Information shown:
-.-.-
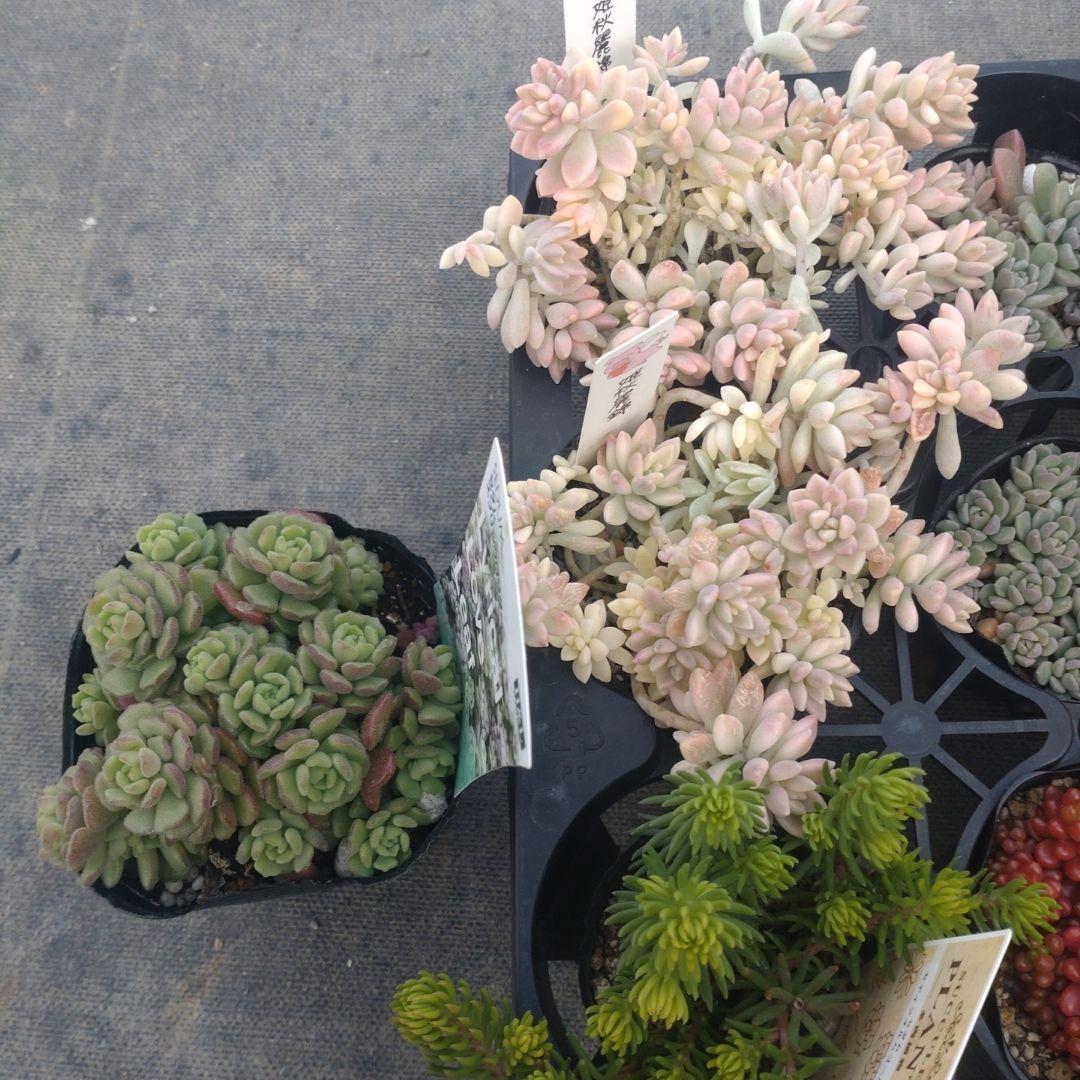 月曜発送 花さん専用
-.-.-
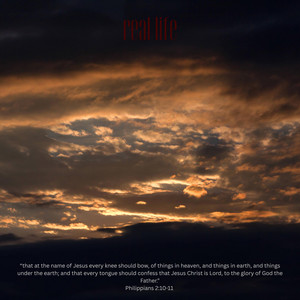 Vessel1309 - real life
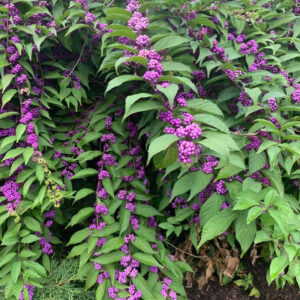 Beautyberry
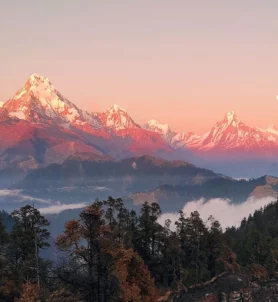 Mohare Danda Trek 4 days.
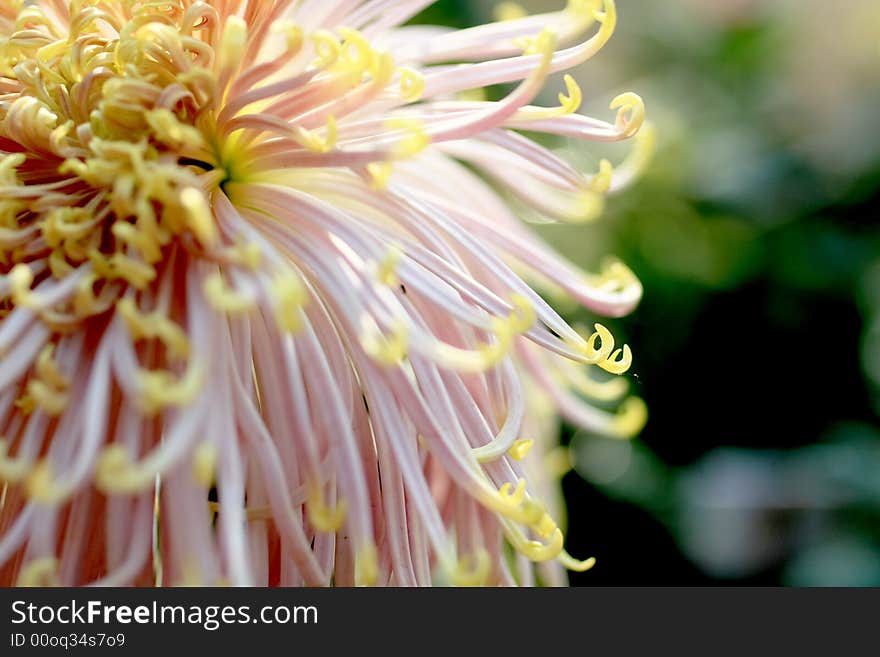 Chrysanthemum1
-.-.-
Action item: From the records above, transcribe exactly the lines starting at the one containing "Vessel1309 - real life" and ending at the one containing "Chrysanthemum1". Skip the pictures.

Finished task:
 Vessel1309 - real life
 Beautyberry
 Mohare Danda Trek 4 days.
 Chrysanthemum1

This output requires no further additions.